TASK STATEMENT: Pictures are not part of the copy. Set down exactly the lines from the one containing "Review: HUGO DE" through the last line of the material below.

DATA EXTRACT:

== == ==

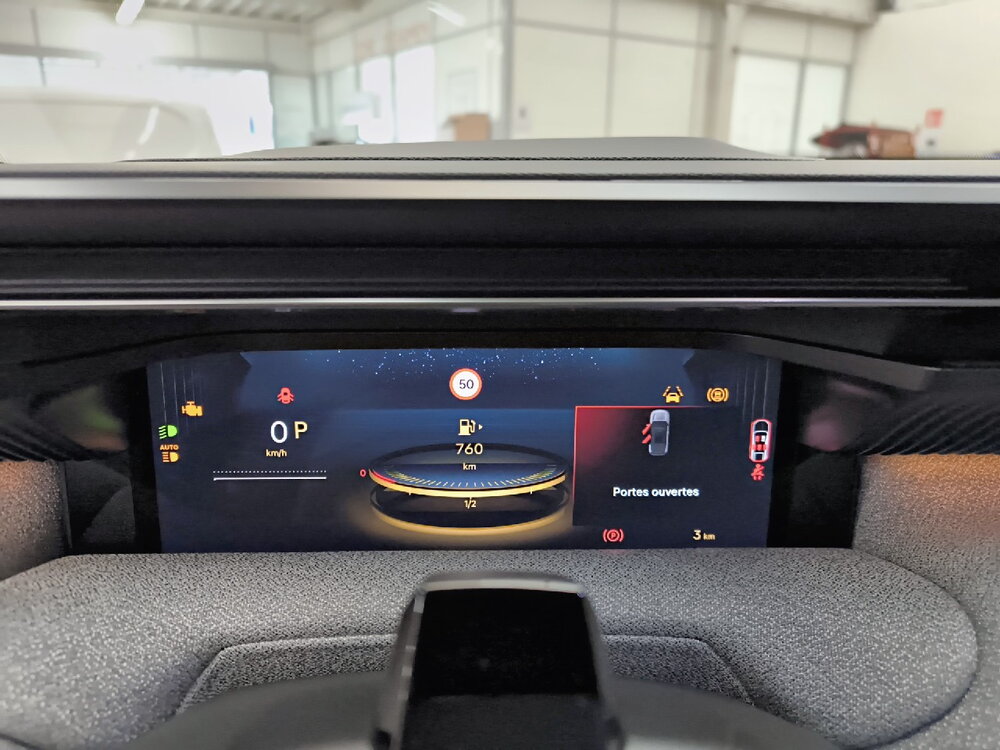 Occasion CITROEN C5 AirCross C5 Aircross Hybride 145 e-DCS6 - Max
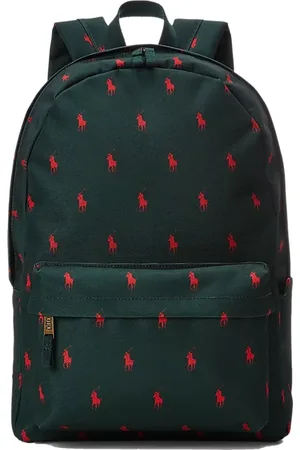Ralph Lauren Unisex, Borse, Verde, Taglia unica, new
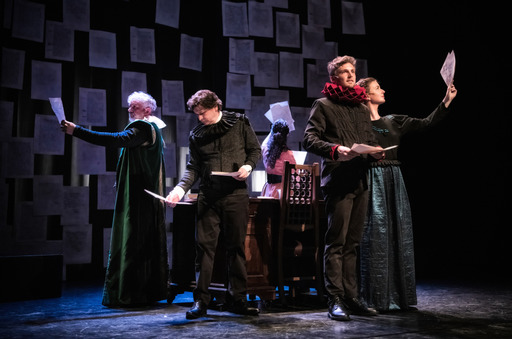 Review: HUGO DE GROOT DE MUSICAL at Schouwburg De Nieuwe Doelen: A must-needed history lesson!  Image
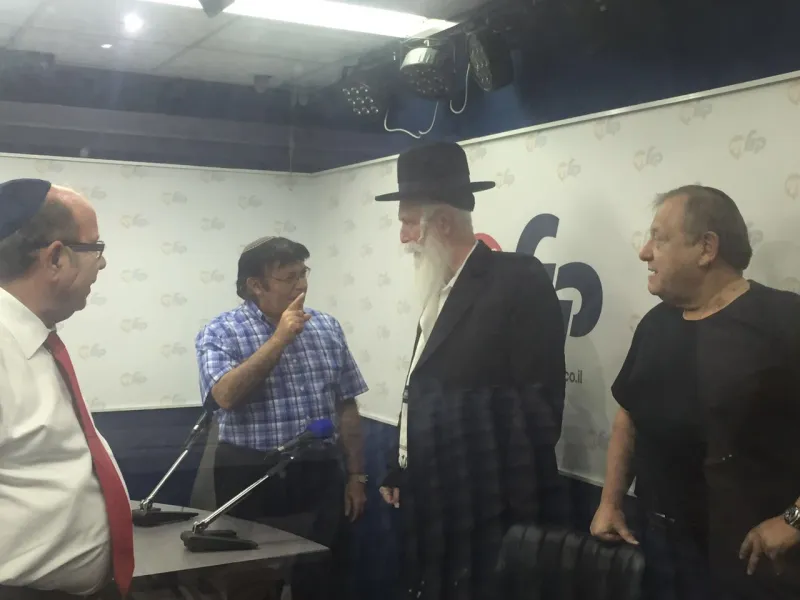 סובול הרב גרוסמן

== == ==

EXERCISE RESPONSE:
 Review: HUGO DE GROOT DE MUSICAL at Schouwburg De Nieuwe Doelen: A must-needed history lesson!  Image
 סובול הרב גרוסמן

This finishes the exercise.